Reporter: Adisti Dini Indreswari | Editor: Hendra Gunawan
Meski sudah berupa peraturan, pengembang properti yang tergabung dalam Real Estate Indonesia (REI) masih melanjutkan upaya mendesak Bank Indonesia (BI) untuk bisa melonggarkan aturan kredit kepemilikan properti (KPR) inden.
REI memperkirakan, aturan ini diprediksi bisa mematikan bisnis sektor properti secara perlahan-lahan. Pasalnya sampai saat ini, KPR masih merupakan salah satu sumber pendanaan utama bagi pengembang.

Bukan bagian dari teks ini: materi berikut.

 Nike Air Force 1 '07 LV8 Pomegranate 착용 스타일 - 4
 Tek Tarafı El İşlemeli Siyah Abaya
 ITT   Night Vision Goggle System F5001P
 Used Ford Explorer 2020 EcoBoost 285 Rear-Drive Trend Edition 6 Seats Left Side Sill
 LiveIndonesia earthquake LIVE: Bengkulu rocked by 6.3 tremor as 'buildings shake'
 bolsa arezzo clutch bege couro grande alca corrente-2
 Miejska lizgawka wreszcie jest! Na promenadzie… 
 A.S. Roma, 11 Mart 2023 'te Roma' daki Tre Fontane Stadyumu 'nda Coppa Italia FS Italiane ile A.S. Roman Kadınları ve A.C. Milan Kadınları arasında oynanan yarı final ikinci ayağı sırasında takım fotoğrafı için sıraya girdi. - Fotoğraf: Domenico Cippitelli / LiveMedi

Ketua Umum Dewan Pengurus Pusat (DPP) REI Setyo Maharso menghitung, ada sekitar 60% dari 3.000 anggota REI yang akan berhenti membangun rumah apabila aturan KPR inden tetap diberlakukan. Ini jelas jumlah yang tidak sedikit. "Tentu, kami tidak ingin ini terjadi, namun kalau pengembang berhenti membangun rumah, kami perkirakan sebanyak 180.000 orang akan kehilangan pekerjaan," ujar Setyo kemarin.
Makanya, REI masih terus melobi bank sentral supaya bisa menunda pelarangan KPR inden. Ia ingin pebisnis properti diberi waktu terlebih dahulu. Setidaknya, sampai dengan enam bulan ke depan sambil menunggu kesiapan bank maupun pengembang.
Selain itu, para pengembang properti juga akan mengajukan usulan lain untuk mengerem aksi spekulan kepada BI. Salah satunya misalnya, konsumen yang ingin menjual kembali rumah hanya dalam kurun waktu satu tahun akan dikenakan pajak yang lebih tinggi. Namun, REI belum menghitung besaran pajak yang diusulkan.